PPACA, religious liberties and women's reproductive rights: an issue that isn't going away
By Vanessa De La Rosa
“Is health insurance anti-life?” Forbes posed this paradoxical question in a recent article about the Catholic Church and its view of Obama’s health care reform. The article notes that the PPACA was designed to provide affordable health insurance for all U.S. citizens and decrease the amount of poverty caused by sky-high medical expenses. On the surface, reducing poverty is an ideal that health care reform and Catholic Charities seem to have in common. So then why does the article quote Father John, a diocese Roman Catholic priest, describing Obama as “the most evil President" of his lifetime?
Despite the glimmers of hope in the PPACA – decreasing medically induced poverty, reducing the overall costs of health care, potentially increasing American lifespans and life quality – Father John is against the health care overhaul because of the requirement that employers pay for all contraceptives, which he says is “bogus.” And as we all know, he is not alone in this opinion. The Catholic Church is against contraception on the grounds that it is not a human’s place to decide when a life is created or — in the case of abortion — terminated. This is the oldest of news.
Churches have been exempted from the requirement, but all other religious institutions are not. And they’re not going down without a fight. Numerous colleges, hospitals and other affiliated organizations have filed suit against the mandate, claiming it is an assault on religious liberty. The president did compromise back in January, stating that if a religious employer did not want to provide health care, then insurance companies would. It doesn't seem to be enough for the dissenters, though.
And it’s not just the Catholic Church that is fighting against Obama’s policy. Missouri lawmakers made history last month by voting to enact new religious exemptions from the policy. The Associated Press reports, “The new Missouri law allows individuals, employers and insurers to cite religious or moral exemptions from mandatory insurance coverage for abortion, contraception and sterilization.” Although the new Missouri law is currently facing a lawsuit, it is the “first time a state has directly rebutted a policy by President Barack Obama’s administration requiring insurers to cover contraception.”
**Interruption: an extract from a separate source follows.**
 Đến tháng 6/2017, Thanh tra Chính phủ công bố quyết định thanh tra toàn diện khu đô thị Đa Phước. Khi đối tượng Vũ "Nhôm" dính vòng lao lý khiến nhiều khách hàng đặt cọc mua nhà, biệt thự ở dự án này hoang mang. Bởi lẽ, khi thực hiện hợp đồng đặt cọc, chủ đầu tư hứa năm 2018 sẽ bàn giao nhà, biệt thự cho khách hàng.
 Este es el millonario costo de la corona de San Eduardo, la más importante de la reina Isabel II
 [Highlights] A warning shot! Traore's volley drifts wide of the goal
An article in The Atlantic goes on to explore the claims of religious freedom versus claims of reproductive freedom, and even goes as far as comparing conscience or refusal clauses (allowing physicians to elect not to perform medical treatment if it clashes with their religious beliefs) to segregation, stating the clauses are “reminiscent of policies allowing white-only hospitals to refuse treatment to black patients, or accommodations to black travelers, in the segregated South.” It then poses an interesting and extremely controversial question: “What if belief in segregation were an article of faith, a matter of conscience, for some?”
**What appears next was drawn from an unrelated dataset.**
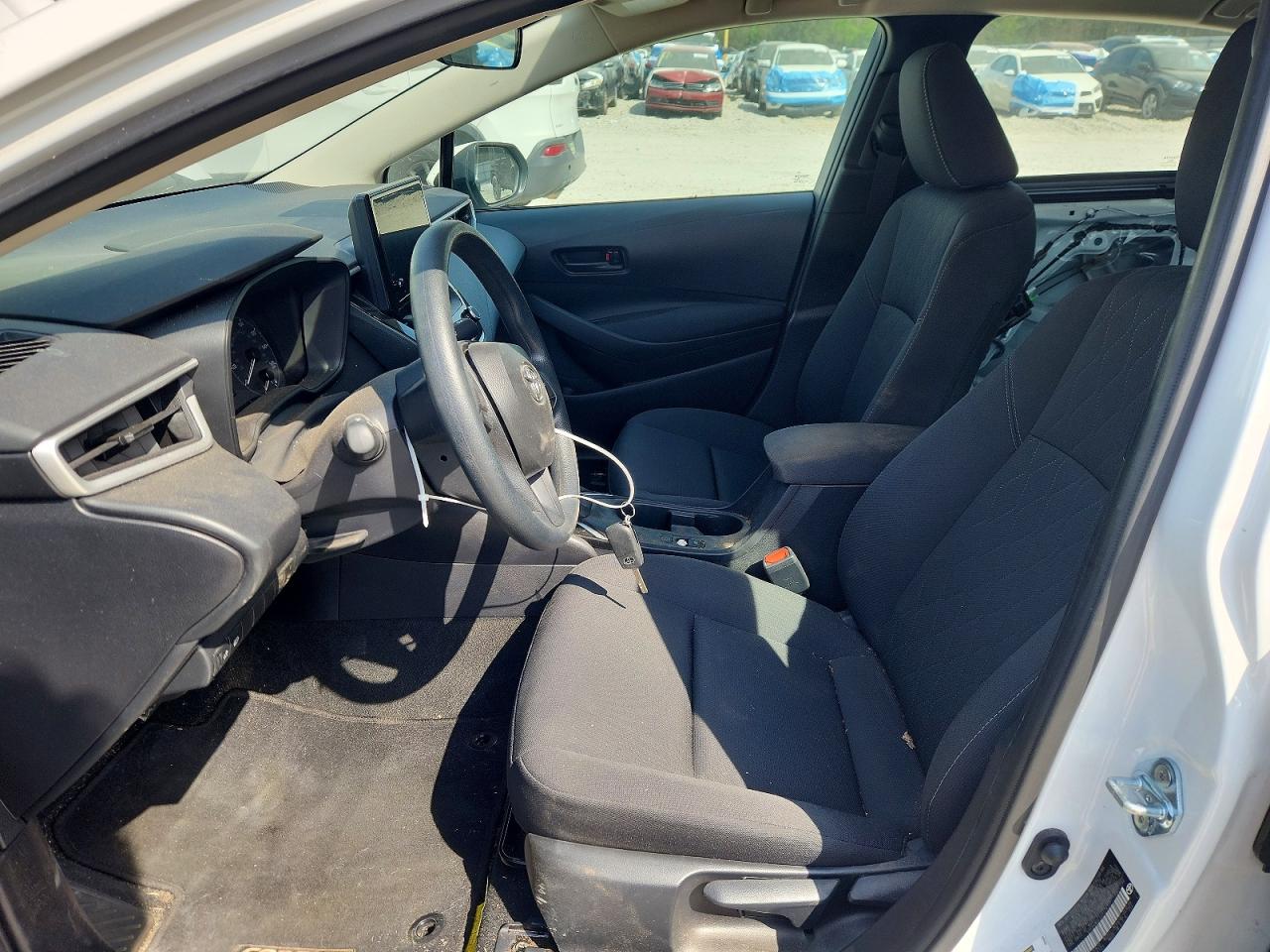 2025 TOYOTA COROLLA LE photo 13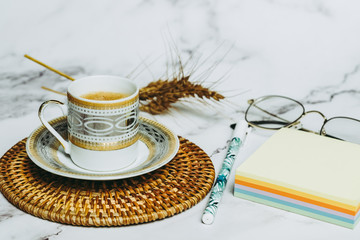 Tasse de café expresso bloc notes et stylo sur une table en marbre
Is it worth the risk to adhere to sectarian ideals? The article attempts to answer this question:
- Still, while the fate of American civilization doesn't depend on this debate about the obligations of church-affiliated institutions to abide by secular law, the stakes are relatively high. As government workers are laid off and government programs shrink, the public role of private, tax-exempt non-profits expands. The stronger their right to dispense public funds and deliver public services according to sectarian religious dictates, the weaker our rights to a non-sectarian public sphere. It's a zero-sum game.
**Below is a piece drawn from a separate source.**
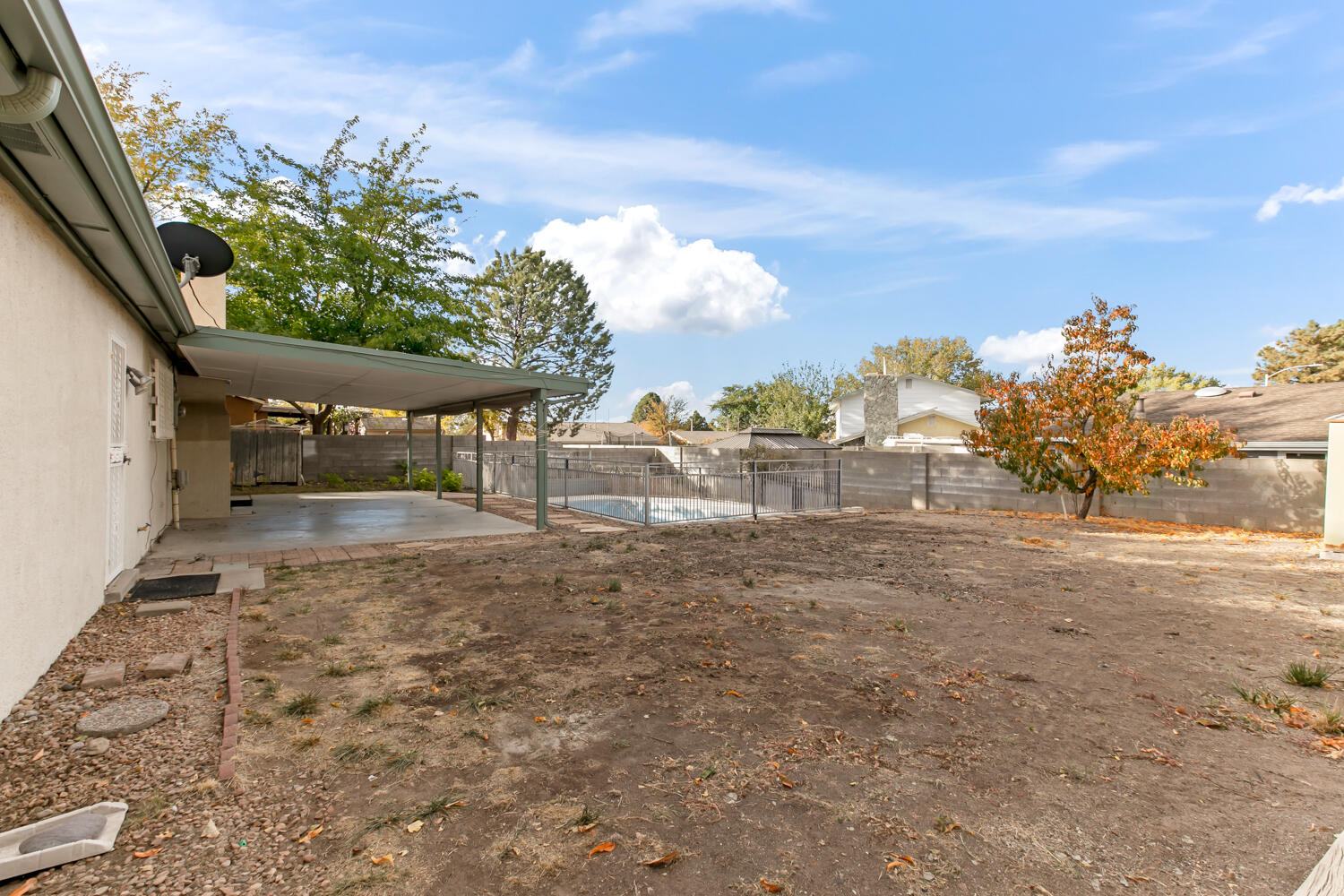 6609 Glendora Drive NE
And more complex questions arise: Is the Church's opposition to the coverage of contraceptives worth, for example, Father John's unabashed hatred towards a fellow human being? Are religious beliefs worth the loss of women's rights, or are women's rights worth the sacrifice of religious liberties? Why do women's reproductive rights remain in the spotlight, when strengthening education and the economy could reduce the need for this type of coverage in the first place? The Atlantic harps "religious beliefs do not trump rights." Do you agree?